After the animals at the zoo came people, landscapes, churches, places around the world, flowers, birds, butterflies and much more. As the years passed and both technology and skill developed, it became possible to photograph what was previously impossible, like tiny beetles or dragonflies in flight. But what had not changed was that almost all of the tens of thousands of photos were of objects. However, just a few had a contemplative feel and a selection of these is shown on the Other Galleries page.
This began to change when in 2012 I attended two contemplative photography days at Hawkwood College in Gloucestershire.
Richard’s Hawkwood Gallery – Colour, Texture, Light, Simplicity, Space
Although continuing to take conventional photos, I understood how contemplative photography was a completely different way of seeing and wished to learn more. This led to me contacting Hèlen Vink, and going on her Miksang courses a few years later.

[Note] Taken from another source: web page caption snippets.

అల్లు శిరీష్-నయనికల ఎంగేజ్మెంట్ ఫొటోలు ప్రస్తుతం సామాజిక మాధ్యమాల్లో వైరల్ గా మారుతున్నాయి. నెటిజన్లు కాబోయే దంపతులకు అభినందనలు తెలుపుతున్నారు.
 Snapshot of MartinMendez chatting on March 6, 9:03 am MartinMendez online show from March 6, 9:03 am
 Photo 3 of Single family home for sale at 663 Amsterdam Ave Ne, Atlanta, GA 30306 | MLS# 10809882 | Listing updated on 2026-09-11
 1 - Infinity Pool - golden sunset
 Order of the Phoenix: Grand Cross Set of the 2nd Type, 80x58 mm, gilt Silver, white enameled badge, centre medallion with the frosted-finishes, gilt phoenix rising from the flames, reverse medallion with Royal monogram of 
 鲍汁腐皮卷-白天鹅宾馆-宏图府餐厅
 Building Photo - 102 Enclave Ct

I never owned a camera or took a photograph until deciding to study Miksang in 2017. Richard took beautiful photos of all the amazing places we visited – landscapes, birds, animals, architecture. So there seemed no reason for me to try to do the same. But when Richard showed me one of Hèlen’s blogs, her description of using Miksang as a way of ‘clear seeing’ resonated with me and I saw the connection with the spiritual path that I was following. Previously, Rupert Spira, an artist and teacher in the non-dual tradition, had suggested that I find something more creative to do with my time. I immediately felt that Miksang was a possibility. The later stages of Rupert’s teaching involve expressing, sharing and celebrating one’s deepest love and understanding with others. Miksang is a perfect way of doing that for one who has never developed other artistic skills. In comparison with other art forms such as painting, sculpture, or music, the level of technical skill required is minimal, using today’s digital camera equipment. And Miksang has the added advantage that it is based on ‘true perception’ of the world around us, before the mind leaps in with judgements and analysis of what is seen. In that regard it is very similar to Rupert’s teaching:
“It is our exclusive interest in objects that gives them their apparently independent reality. When attention shifts from the seen object to pure seeing, the apparently separate reality of the object disappears and its true reality – the light of pure Knowing – shines.” (Rupert Spira)
It has indeed changed my habitual way of seeing the world and provided a means of expressing that fresh and heartfelt seeing.
“Relaxing in the discipline of clear seeing, pure perception and pure photographic expression, opens up the magical world of the unexpected beauty of the mundane.” (Chögyam Trungpa)
The basic equipment you need for Miksang is an adjustable camera with a zoom lens; ultra-wide, long telephoto, macro and prime lenses are not relevant. This rules out phones, although there will be some flashes of perception that they can capture. It is helpful if the equipment is small and light, so that you are more likely to carry it with you, and also so that it is as unobtrusive as possible. This makes medium format and full frame cameras and lenses less suitable.
We use Olympus cameras and lenses, which are easy to use and give excellent image quality:
Richard: Olympus E-M1 II with 12-100mm f/4 lens.
Jenny: Olympus E-M1 and now Olympus Pen-F with 14-150mm f/4-5.6 II lens.
Alternative/backup very portable camera: Olympus Pen-F with Panasonic 12-32mm f/3.5-5.6 lens.
(Multiply these focal lengths by 2 to get the 35mm or FF equivalent field of view.)